Directions for this task :: Nothing but the data itself, reproduced exactly, is the expected answer.

Information supplied ::
+++

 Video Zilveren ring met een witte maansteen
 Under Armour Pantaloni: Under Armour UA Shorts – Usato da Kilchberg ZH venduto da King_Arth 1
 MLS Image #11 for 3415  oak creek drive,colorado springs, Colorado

+++

Solution to this problem ::
 Video Zilveren ring met een witte maansteen
 Under Armour Pantaloni: Under Armour UA Shorts – Usato da Kilchberg ZH venduto da King_Arth 1
 MLS Image #11 for 3415  oak creek drive,colorado springs, Colorado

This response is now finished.